Si-Wu-Tang (SWT) is one of the widely applied Traditional Chinese Medicine (TCM) formula [1]. The formula contains a combination of 4 herbs: Radix Paeoniae Alba, Angelica siniensis, Rhizoma Chuanxiong, and Rehmannia glutinosa, and has been considered having the actions of blood-tonifying (buxie) decoction [2]. SWT has been applied for the treatment of women’s diseases such as cutaneous pruritus and chronic inflammation [3]. Aqueous extract of SWT was reported to have antipruritic and anti-inflammatory effects in mice [4]. Additionally, this formula is also used for treating other gynecological diseases, such as relief of menstrual irregularity, dysmenorrhea, uterine bleeding, climacteric syndrome, and other estrogen-related diseases, in China and East Asia [5,6,7,8,9,10]. SWT has also been beneficial to other physiological or pathological conditions. It has been shown to improve the antioxidant level and positively regulate the lipid profile, liver function, and skin integrity and texture in healthy adults [11]. The main function of SWT applied in gynecology is nourishing blood and activating the blood circulation for menoxenia, dysmenorrhea, and amenorrhea.
Indirect evidences have suggested the beneficial effects of SWT on bone health.

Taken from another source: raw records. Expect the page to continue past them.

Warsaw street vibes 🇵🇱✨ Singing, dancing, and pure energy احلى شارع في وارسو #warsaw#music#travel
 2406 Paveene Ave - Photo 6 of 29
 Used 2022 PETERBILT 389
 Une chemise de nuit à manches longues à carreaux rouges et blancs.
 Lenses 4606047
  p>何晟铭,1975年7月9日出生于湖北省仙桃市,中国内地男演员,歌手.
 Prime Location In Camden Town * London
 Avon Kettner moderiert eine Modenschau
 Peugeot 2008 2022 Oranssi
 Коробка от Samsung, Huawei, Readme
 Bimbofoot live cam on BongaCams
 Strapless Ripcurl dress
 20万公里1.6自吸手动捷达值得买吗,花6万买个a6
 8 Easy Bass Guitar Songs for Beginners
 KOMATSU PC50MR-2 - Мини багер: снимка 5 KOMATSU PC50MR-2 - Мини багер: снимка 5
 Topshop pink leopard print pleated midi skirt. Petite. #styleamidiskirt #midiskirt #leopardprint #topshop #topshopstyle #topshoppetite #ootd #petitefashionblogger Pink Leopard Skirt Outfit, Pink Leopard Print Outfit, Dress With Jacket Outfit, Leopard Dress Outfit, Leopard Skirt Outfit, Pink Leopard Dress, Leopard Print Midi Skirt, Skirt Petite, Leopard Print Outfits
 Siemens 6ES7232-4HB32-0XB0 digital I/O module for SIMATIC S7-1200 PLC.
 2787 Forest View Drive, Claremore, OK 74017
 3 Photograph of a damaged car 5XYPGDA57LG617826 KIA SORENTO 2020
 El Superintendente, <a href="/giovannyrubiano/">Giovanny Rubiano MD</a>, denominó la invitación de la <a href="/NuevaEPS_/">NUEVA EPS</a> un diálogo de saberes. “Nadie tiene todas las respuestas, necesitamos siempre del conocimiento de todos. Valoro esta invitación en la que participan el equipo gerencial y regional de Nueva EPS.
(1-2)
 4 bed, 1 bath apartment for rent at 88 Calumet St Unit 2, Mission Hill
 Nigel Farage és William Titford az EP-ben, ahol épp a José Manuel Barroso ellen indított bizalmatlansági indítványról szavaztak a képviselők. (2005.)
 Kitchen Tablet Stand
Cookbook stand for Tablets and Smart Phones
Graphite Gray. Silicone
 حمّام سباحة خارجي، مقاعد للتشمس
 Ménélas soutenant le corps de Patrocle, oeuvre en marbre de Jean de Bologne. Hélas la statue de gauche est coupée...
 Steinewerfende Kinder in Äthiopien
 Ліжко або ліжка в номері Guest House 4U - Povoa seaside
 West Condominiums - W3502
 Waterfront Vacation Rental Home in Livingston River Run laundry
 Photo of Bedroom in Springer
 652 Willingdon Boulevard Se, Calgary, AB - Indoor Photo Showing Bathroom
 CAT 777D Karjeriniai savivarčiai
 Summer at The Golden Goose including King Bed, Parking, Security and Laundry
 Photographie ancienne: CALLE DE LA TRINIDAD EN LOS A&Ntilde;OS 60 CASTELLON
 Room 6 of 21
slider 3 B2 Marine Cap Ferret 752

Pharmacological studies have shown that SWT extract protects against radiation-induced bone marrow damage in an animal model [12,13]. Additionally, since SWT revealed anti-inflammatory and anti-oxidant effects in several different clinical and biological studies [14,15], these results suggest the potential application of this medicine on treating osteoporosis possibly through increasing bone formation and/or suppressing bone resorption. A more recent study provided some direct evidences about SWT effects on bone cells. Wu et al. reported that SWT extract increased alkaline phosphatase (ALP), bone morphogenic protein-2 (BMP-2), and osteopontin (OPN) expression and bone mineralization in the differentiated osteoblast culture16. Phosphatidylinositol 3-kinase (PI3K), Akt, and NF-κB signaling pathways were involved in the SWT-mediated increase in gene expression and bone mineralization [16]. Moreover, oral administration of SWT extract every two days for four weeks prevented bone loss induced by ovariectomy in mice [16]. Those data, provide preliminary evidences that SWT may be used to stimulate bone formation for the treatment of osteoporosis. However, the effects of SWT on cellular and systemic levels in bone systems still remained mostly elusive.
In this study, we investigated the effects of SWT on the in vitro models of bone resorption and bone formation. We employed the -glycerol phosphate induced pre-osteoblast MC3T3-E1 osteogenic differentiation as a cell model of bone formation, while Receptor activator of nuclear factor kappa-B ligand (RANKL)-induced RAW267.4 cell osteoclast differentiation as a cell model of bone resorption. Our results implied that SWT impaired osteoclast differentiation and bone resorption, yet upregulated cell proliferation and osteoblast functions or bone formation.

2. Materials and Methods

2.1. The preparation of SWT extract

The ingredients of SWT included 11.25 g of Rehmannia glutinosa, 11.25 g of Angelica sinensis, 11.25 g of Radix Paeoniae Alba and 11.25 g of Rhizoma Chuanxiong. An extract of SWT was prepared by decocting the dried prescription of herbs with boiling water (1300 ml) for 50 minutes. The obtained suspension was separated by filtration and condensed to the concentration of 360 ml (1 g/ ml) solution and then stored at 4C before use.

2.2. Cell culture and treatment

The murine preosteoblastic calvarial cell line MC3T3-E1 subclone 4 was obtained from ATCC (ATCC®, USA, CRL-2593™). Cells were cultured in α-Minimum Essential Medium (α-MEM) (10490-01, Gibco, Thermo Fisher Scientific, Inc.) supplemented with 10% (v/v) fetal bovine serum (FBS) (10437-028, Gibco) and 1% (v/v) penicillin-streptomycin (P/S) (15140-122, Gibco) at 37°C in a humidified atmosphere containing 5% CO2. To obtain osteoblasts, MC3T3-E1 cells were grown for 7 days in α-MEM containing 1% FBS, 1% P/S, 10 mM β-glycerol phosphate (G9422, Sigma Aldrich, USA), and 50 μg/ml L-ascorbic acid (A5960, Sigma Aldrich) [17] (differentiated medium).
The murine macrophage cell line RAW264.7 subclone 2 was obtained from ATCC (ATCC® TIB-71™). Cells were grown in DMEM (Gibco, Thermo Fisher Scientific Inc.) supplemented with 10% FBS and 1% P/S, and incubated at 37ºC in 5% CO2 humidified air. The medium was changed every 3 days. To obtain osteoclasts, RAW264.7 cells were grown for 6 days in DMEM containing 10% FBS, 1% P/S, and 50 ng/ml mRANKL (PeproTech, Rocky Hill, NJ, USA) [18].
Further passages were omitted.